**THE PROBLEM**
Begin the copy at the line containing "Large, medium, and" in the data below and end it at the line containing "Group of visitors", keeping each line exact and leaving out pictures.

*** PROVIDED INFORMATION ***

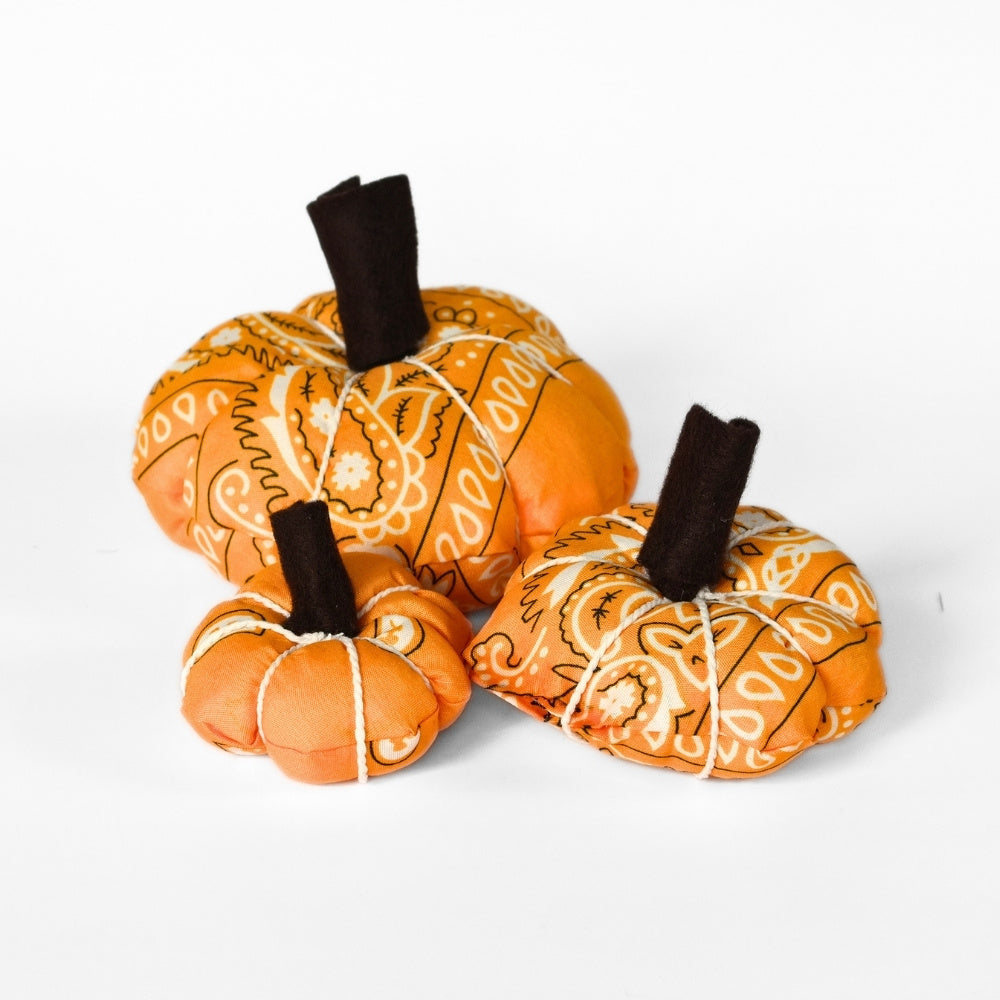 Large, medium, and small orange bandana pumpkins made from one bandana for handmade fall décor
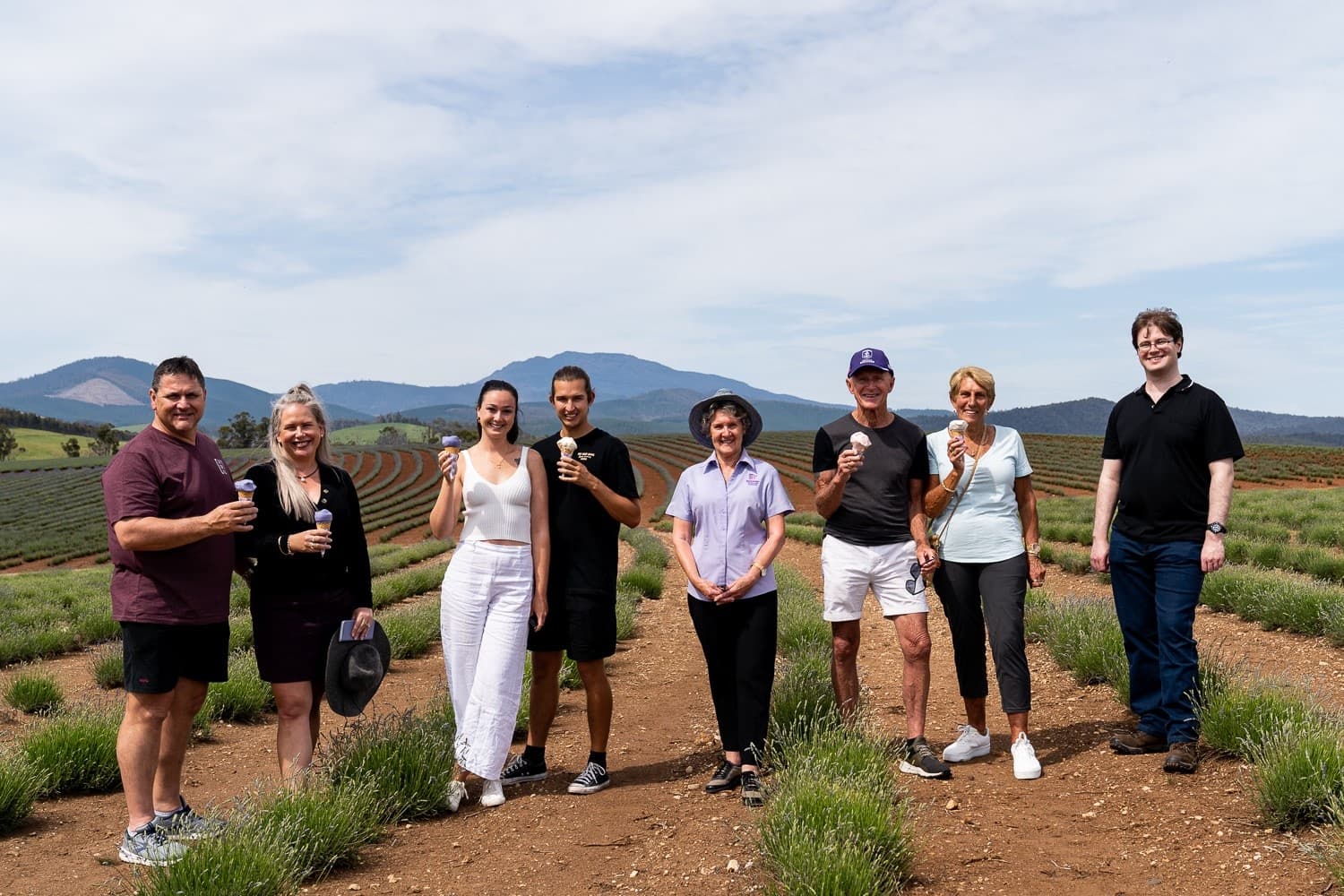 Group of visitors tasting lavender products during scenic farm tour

***
*** PROVIDED INFORMATION ***

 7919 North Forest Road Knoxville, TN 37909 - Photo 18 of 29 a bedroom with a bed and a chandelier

***
*** PROVIDED INFORMATION ***

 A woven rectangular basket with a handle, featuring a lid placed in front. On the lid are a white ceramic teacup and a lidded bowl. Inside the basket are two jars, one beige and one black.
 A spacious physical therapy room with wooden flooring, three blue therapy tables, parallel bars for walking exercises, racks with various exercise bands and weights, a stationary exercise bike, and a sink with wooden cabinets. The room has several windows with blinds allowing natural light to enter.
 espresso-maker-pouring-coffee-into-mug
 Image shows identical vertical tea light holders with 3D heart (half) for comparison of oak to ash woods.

***

**EXERCISE ANSWER**
 Large, medium, and small orange bandana pumpkins made from one bandana for handmade fall décor
 Group of visitors tasting lavender products during scenic farm tour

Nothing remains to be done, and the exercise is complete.